À propos de Enercoop production
1. Modèle économique
Le groupe Enercoop tire l’essentiel de ses revenus de la four d’électricité 100 % renouvelable en France, avec une promesse d’approvisionnement en contrat direct (achat conjoint de MWh et de garanties d’origine sur un réseau de producteurs identifiés), détaillée dans le bilan d’approvisionnement 2024 : 606 GWh achetés aux producteurs pour 573 GWh de consommation client, soit un excédent qui matérialise le « 100 % contrat direct » annuel. La branche production se finance par capital coopératif, levées de titres participatifs et de parts sociales (la campagne 2025–2026 vise notamment à grossir les fonds propres pour emprunter et signer des PPA), et par un premier bloc d’investissement de 14,5 M€ annoncé en 2023 pour structurer l’activité de co-développement et propriété d’actifs (communiqué de principe) ; le réseau comptait alors environ 250 salarié·es, dont une trentaine affectés à la production, et visait 40 % d’approvisionnement en PPA d’ici 2030 contre une base inférieure en 2022. Côté agrégat financier du fournisseur, un bilan 2023 rapportait environ 119 M€ de chiffre d’affaires et 16 M€ de résultat net ; ces chiffres concernent l’ensemble du groupe coopératif, pas isolément Enercoop Production SAS. La diversification vers la production détenue vise précisément à réduire l’adhérence aux spots et contrats courts qui ont pesé lors des prix extrêmes de la crise 2022.
2. Impact réel
L’empreinte « réelle » de l’approvisionnement se lit dans le mix livré aux clients et dans sa venance : 70 % d’éolien en 2024 contre 58 % en 2023, soit un basculement lisible dans un pays où l’éolien terrestre et le photovoltaïque portent une part croissante de la stratégie PPE et du multicritère carbone. 40 % du volume approvisionné provient en 2024 de projets citoyens ou de collectivités (244 GWh sur les 606 GWh achetés — tableau officiel annuel). Ce n’est pas un facteur carbone évité à la tonne plaqué marketing : c’est un parc de centrales dont les installations coopératives (ex. développements Auvergne-Rhône-Alpes sur friches avec milliers de sociétaires et plusieurs GWc cumulés en projet/local — voir les parcours industriels régionaux) renforcent l’énergie citoyenne prônée par la doctrine publique mais encore minoritaire en volumétrie nationale. Contradiction brute : même ce modèle doit composer avec des écarts saisonniers détestables, par exemple sous-rendement éolien constatés été et fin d’année 2024 (même analyse interne Enercoop), ce qui montre une empreinte physique tributaire du méteo-cycle, comme tout portefeuille EnR hors stockage durable.

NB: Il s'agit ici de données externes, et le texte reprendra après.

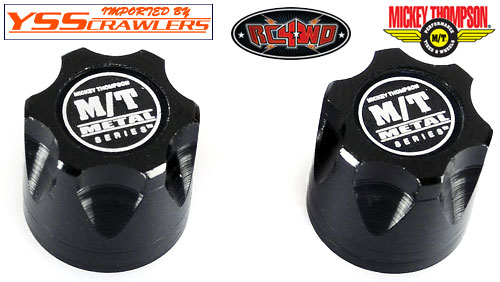 RC4WD Mickey Thompson Metal Series 1/10 Wheel Center Caps (2)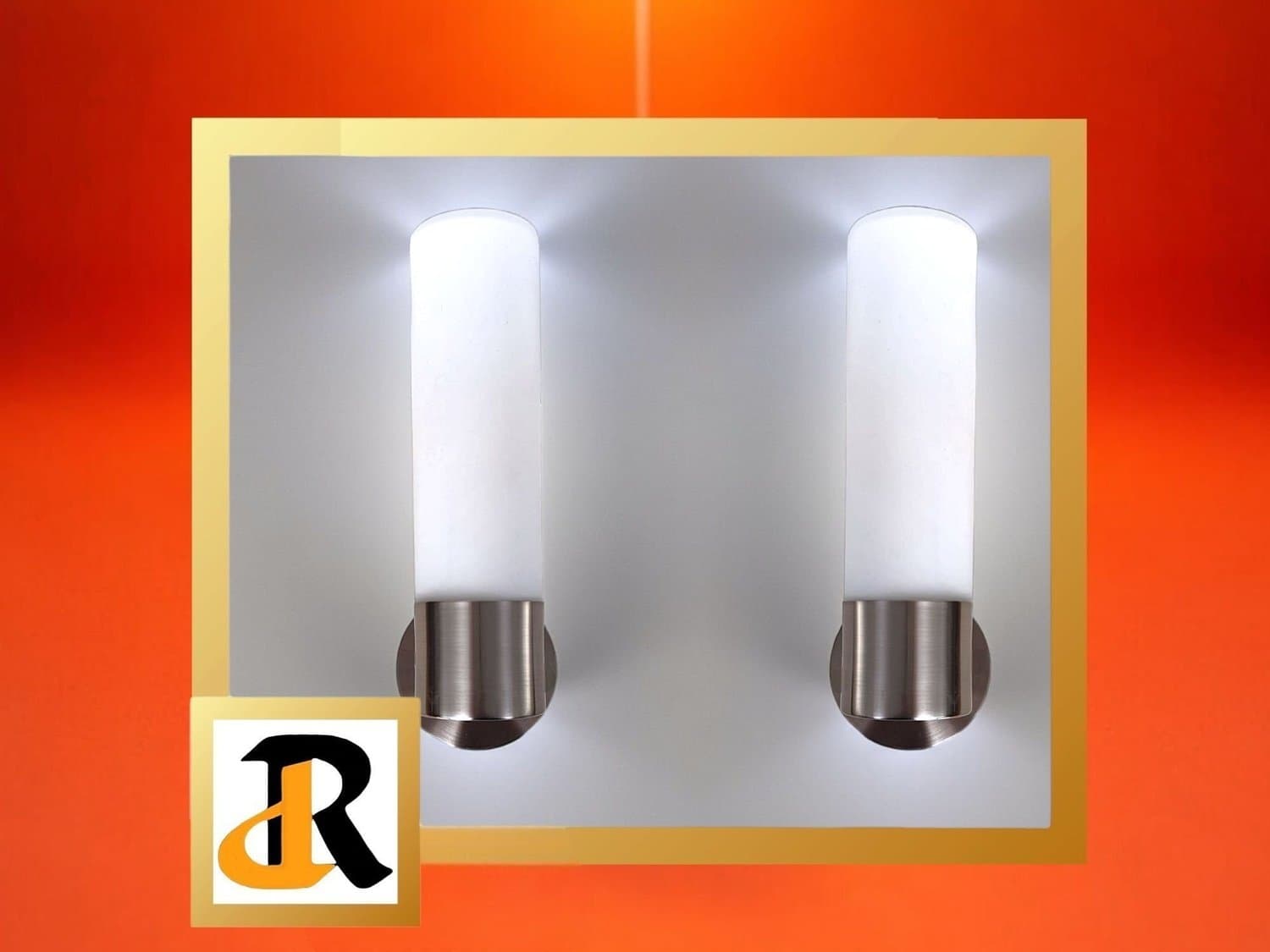 2 st oanvända vägglampor av märket Rydéns, modell Aqua Satin.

3. Innovations / partenariats
Au portfolio innovation se rattachent une architecture coopérative à échelle humaine (petits solaires au sol sur anciennes décharges, PV flottant sur gravières, coûts de projet équilibrés sans souscription à tarif d’achat pour la branche solaire « circuit court » revendiquée sur la fiche AURA — développement des moyens de production), des bureaux d’études photovoltaïques au sein du réseau, et des PPA multi-décenniels sans mécanisme de soutien classique. Le signal le plus net est la levée citoyenne 2025–2026 : plus de 9 M€ collectés pour >150 % d’un objectif initial de 6 M€, avec 3,2 M€ pour Enercoop Nationale et des records régionaux (ex. Auvergne-Rhône-Alpes à >300 % de l’objectif local selon l’analyse de presse spécialisée). L’ambition affichée : porter la part d’électricité « en propre » d’environ 6 % à 25 % d’ici 2030. En parallèle, le réseau comptabilisait plus de 600 sites producteurs sous contrat courant 2025 (dépassement du cap des 600 producteurs), preuve d’un réseau d’agrégation élargi, distinct mais complémentaire des GW détenus.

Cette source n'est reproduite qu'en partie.